# Crackling from circuit breaker for electric water heater



## uvalaw (Jan 24, 2018)

I'm getting a crackling sound from the circuit breaker (a 40A pair) serving my electric water heater when I switch it on. The crackling only happens when the temperature dial on the boiler is set to the point where it triggers the boiler to fire up. 

I don't see any sparking at the circuit breaker.

However, I do see slight sparking at one of the wiring terminals on the boiler when I turn the temperature dial back to the point where it is no longer triggering the boiler, as shown in the red circle on this picture:







My multimeter shows I'm getting 210V where the boiler is wired to the house.

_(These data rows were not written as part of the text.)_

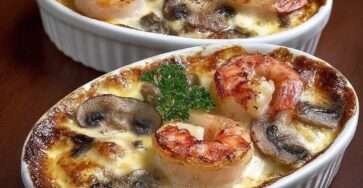 Gratin crémeux aux crevettes et champignons doré au four, fromage fondu et légèrement gratiné en surface, servi en ramequin individuel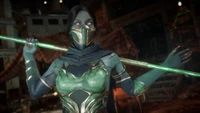 Jade de Mortal Kombat 11 empuñando su lanza brillante.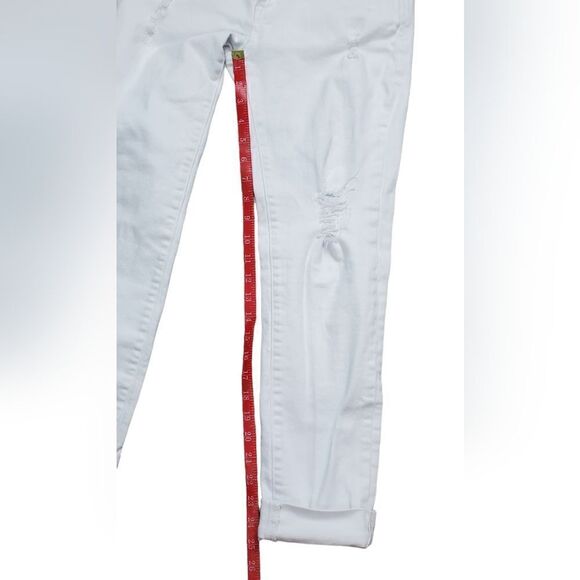 Kut from the Cloth White Cuffed White Catherine Boyfriend Jeans - Picture 5 of 9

Does this seem like a problem with the circuit breaker, the boiler, or both?


----------



## joecaption (Jan 24, 2018)

Lots of things can cause this.
Cut the breaker off double check there's no power at the heating element.
Check for any loose connections.
Next check the element.
Remove the two wires on the element.
Set the meter to OHM, touch one probe to one of the screws and the other to the metal where where it screws into the tank, then touch the other and do the same thing.
If the needle pegs out the element needs to be replaced.


----------



## uvalaw (Jan 24, 2018)

Thanks.  I'll check the element.


----------



## oldognewtrick (Jan 24, 2018)

Is the crackling coming from the breaker box or the element control on the water heater?


----------



## uvalaw (Jan 24, 2018)

The crackling is coming from the breaker box.  The arcing is coming from the control panel on the water heater.  None of the other breakers in the box are crackling.  The water heater and building are both 10 years old, FWIW.


----------



## joecaption (Jan 24, 2018)

I had more to post but had to go to work.
Feel comfortable working in a panel with the cover off?
If so I would be checking that the screws are tight on the breaker, if so then I shut off the breaker, remove the wires, pull out the breaker to see if the buss bar is damaged.


----------



## oldognewtrick (Jan 24, 2018)

I had the same issue in a house I use to own. The breakers were coroding on the bus bar and the lights would sometimes flicker. Ended up replacing the whole panel and all breakers, problem solved.


----------



## Redy321 (Nov 17, 2020)

uvalaw said:


> I'm getting a crackling sound from the circuit breaker (a 40A pair) serving my electric water heater when I switch it on. The crackling only happens when the temperature dial on the boiler is set to the point where it triggers the boiler to fire up.
> 
> I don't see any sparking at the circuit breaker.
> 
> ...


I think that the problem is bad contact, check the contact points of the wires.


----------



## Eddie_T (Nov 18, 2020)

If its the breaker/bus bar contact the breaker should be replaced and moved to another bus position if available.


----------



## afjes_2016 (Nov 19, 2020)

Ah - this thread is almost 3 years old people.


----------